Early Childhood Education (EDUC 340)
Ammar Husnain Khan, [email protected],
In this course we will discuss and learn about early childhood development including theories of development, discipline and guidance, instructional methodologies for pre-school children (Ages 3 to 5). Upon completion of this course, with your mastery in various areas of development, you will be able to plan and execute different strategies. You all will also see first-hand how ECE instructors plan and execute their lessons, what are the challenges and rewards of being a part of the ECE environment. The Students will: 1) explain and demonstrate the early childhood development theories. 2) critique articles and papers related to ECE trends. 3) identify and use appropriate strategies to enhance teaching, learning, assessment and evaluation. 4) develop activities across the developmental domains that incorporate the use of preschool education and provide adaptations for all children. 5) acquire knowledge and skills to train prospective colleagues (teachers) as well as learners (students) in ECE trends and pedagogically effective instructional approaches. [Expected enrollment: 20]
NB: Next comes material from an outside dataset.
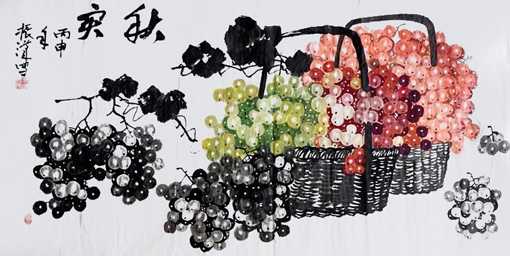 胡振汉作品2《秋实》规格：136cmx68cm 价格：每平尺6000元.jpg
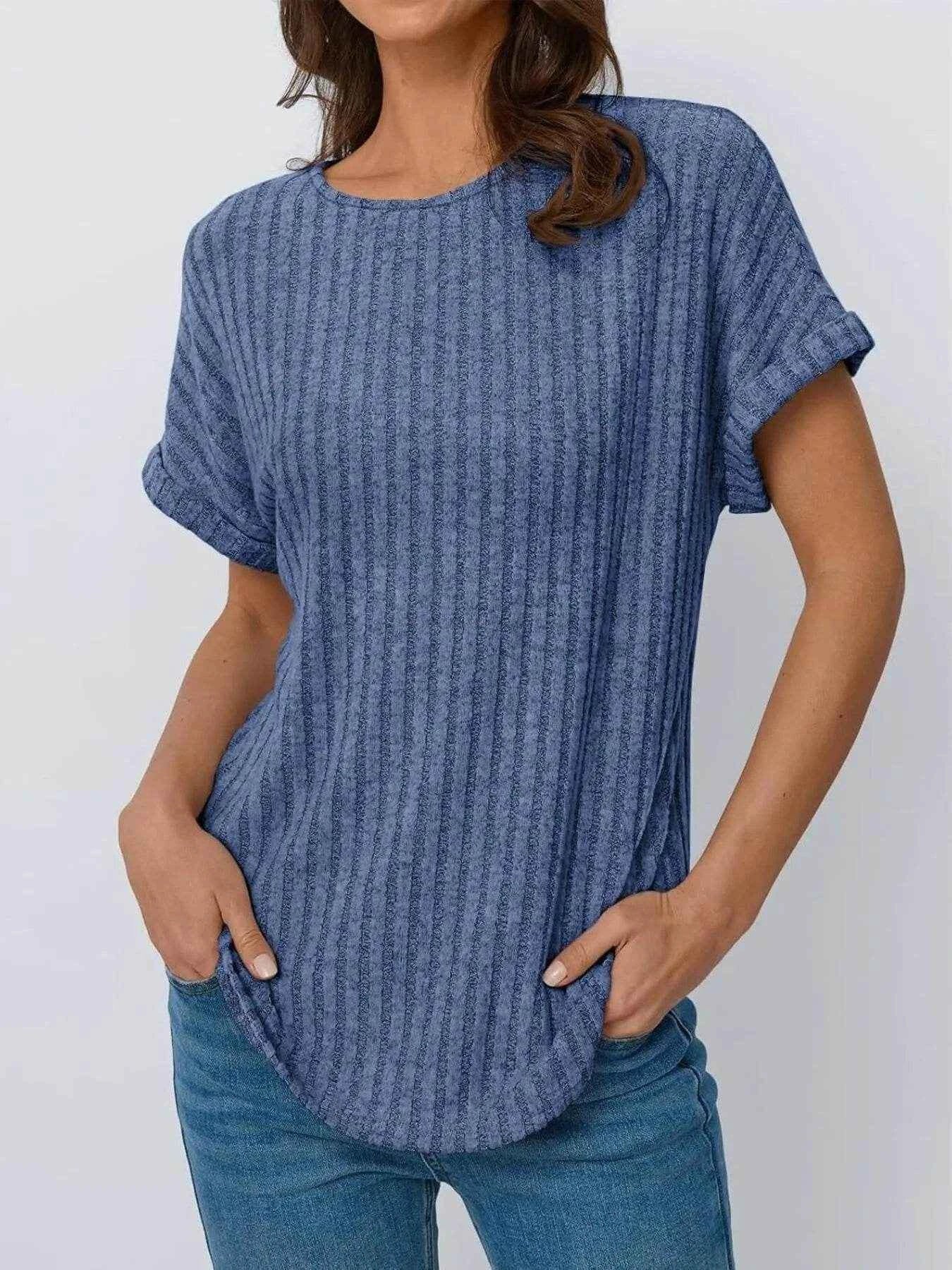 Casual Ribbed Knit Short Sleeve T-Shirt Blue Trendsi b617f9d226514f1aa7daf8b465e369c2-Max-Origin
Learning Theories (EDUC 315)
Ammar Husnain Khan, [email protected],
This course is intended to help the prospective teacher to better understand how students learn. It exposes a number of Learning Theories and looks at the pros and cons of each. A timeline of the development of the various theories also takes a look at the background that led to the development of each theory. It is for the aspiring teacher who is ultimately responsible for the kind of experience provided to the taught. Doing things differently so that students regardless of learner types benefit is the essence of this course. Not only will this course provide an insight into “learner way” but will also highlight the interest and motivation that students display when teachers not only do things right, but do the right things. The course allows you to experience the joys of teaching coupled with the struggle that goes into creating and experiencing the privilege of educating! [Expected enrollment: 15-20]

GST-4006 Culinary Innovation
Sebastian Navas, [email protected], Universidad San Francisco de Quito (USFQ)
This class is designed so the students learn how to work on methods for innovation. As part of this class students will work in teams to develop a culinary product based on the knowledge and skills acquired, which will be presented to a jury at the end of the semester. The main objective is to develop theoretical knowledge that will be put into practice to understand the process of creating innovative culinary concepts. The students will use design thinking technics and prototyping to create a innovative product, service or process for their culinary concept. [Expected enrollment: 15]

HSP1003 Introduction to Tourism
Juan Carlos Valdivieso, [email protected], Universidad San Francisco de Quito USFQ
Introduction to Tourism covers the general theoretical foundations of tourism as a social, economic, and cultural phenomenon. It includes an analysis of tourism and its sub-systems, i.e., the production of services and complementary activities, as the basis for further studies in planning, organization, and marketing. It studies global tourism trends and their influence on the development of our country. It analyses the socio-cultural, economic and environmental impacts of tourism. It introduces the concepts of sustainable tourism and competitiveness in tourism. This course is complemented with practical exercises. [Expected enrollment: 18]

EXPR340: The Antioch Apothecary: Teas and Tinctures, Syrups and Salves
Beth Bridgeman, [email protected], Antioch College
The course includes an historic overview of various herbal traditions, including indigenous plant medicine, traditional ecological knowledge, herbal medicine in the African diaspora, European herbal traditions such as the Doctrine of Signatures, and American traditions including Thompsonian and Eclectic medicine. Students will explore the use of anthropogenic out-of-place species (invasives) as “resilience teachers” in crafting plant medicine and the establishment of medicinal plant sanctuaries in a time of extinction. Students will also be introduced to concepts of plant communication. This is a hands-on course where students will make teas, tinctures, balms, vinegars, tonics, syrups, salves and poultices for treating many common ailments.